*TASK BRIEF*. Write out the following listing's lines from the one with "A student in" to the one with "The washed clothes", exactly, with both included and no others.
--- ENTRIES SHOWN Enclosed Below ---
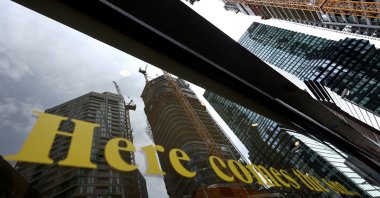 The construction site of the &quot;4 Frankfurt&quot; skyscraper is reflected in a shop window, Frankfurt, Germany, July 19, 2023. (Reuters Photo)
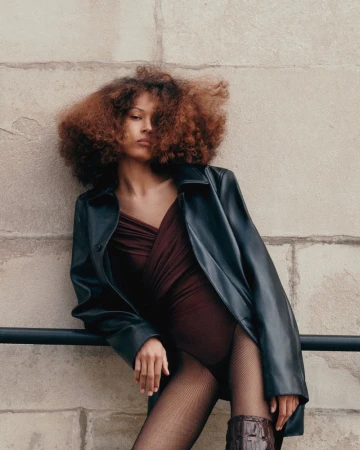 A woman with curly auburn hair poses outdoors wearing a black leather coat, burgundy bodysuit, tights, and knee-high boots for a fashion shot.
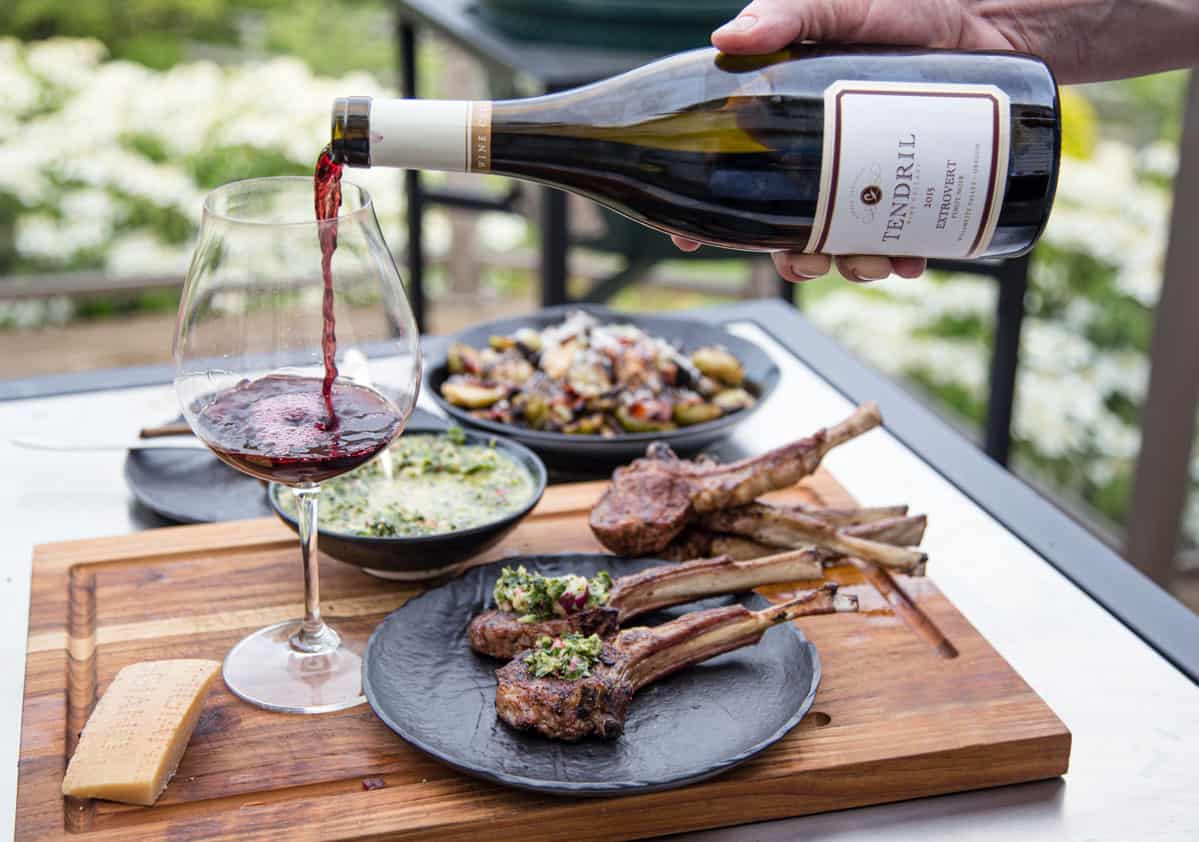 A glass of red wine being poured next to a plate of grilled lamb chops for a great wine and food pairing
--- End of Enclosed ENTRIES SHOWN ---
--- ENTRIES SHOWN Enclosed Below ---
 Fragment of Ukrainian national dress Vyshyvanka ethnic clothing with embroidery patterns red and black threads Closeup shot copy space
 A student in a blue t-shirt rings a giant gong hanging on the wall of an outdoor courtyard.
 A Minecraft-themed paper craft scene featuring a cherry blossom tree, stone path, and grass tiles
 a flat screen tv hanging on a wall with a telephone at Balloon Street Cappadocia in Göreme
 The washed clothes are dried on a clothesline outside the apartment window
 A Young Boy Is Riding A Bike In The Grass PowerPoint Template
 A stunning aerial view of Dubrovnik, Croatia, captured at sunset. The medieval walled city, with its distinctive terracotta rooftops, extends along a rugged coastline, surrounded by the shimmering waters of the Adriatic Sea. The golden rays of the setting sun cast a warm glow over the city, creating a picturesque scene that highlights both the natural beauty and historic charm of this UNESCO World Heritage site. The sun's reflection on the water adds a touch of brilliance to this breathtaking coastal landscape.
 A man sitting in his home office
--- End of Enclosed ENTRIES SHOWN ---
*ANSWER FOR THIS EXERCISE*.
 A student in a blue t-shirt rings a giant gong hanging on the wall of an outdoor courtyard.
 A Minecraft-themed paper craft scene featuring a cherry blossom tree, stone path, and grass tiles
 a flat screen tv hanging on a wall with a telephone at Balloon Street Cappadocia in Göreme
 The washed clothes are dried on a clothesline outside the apartment window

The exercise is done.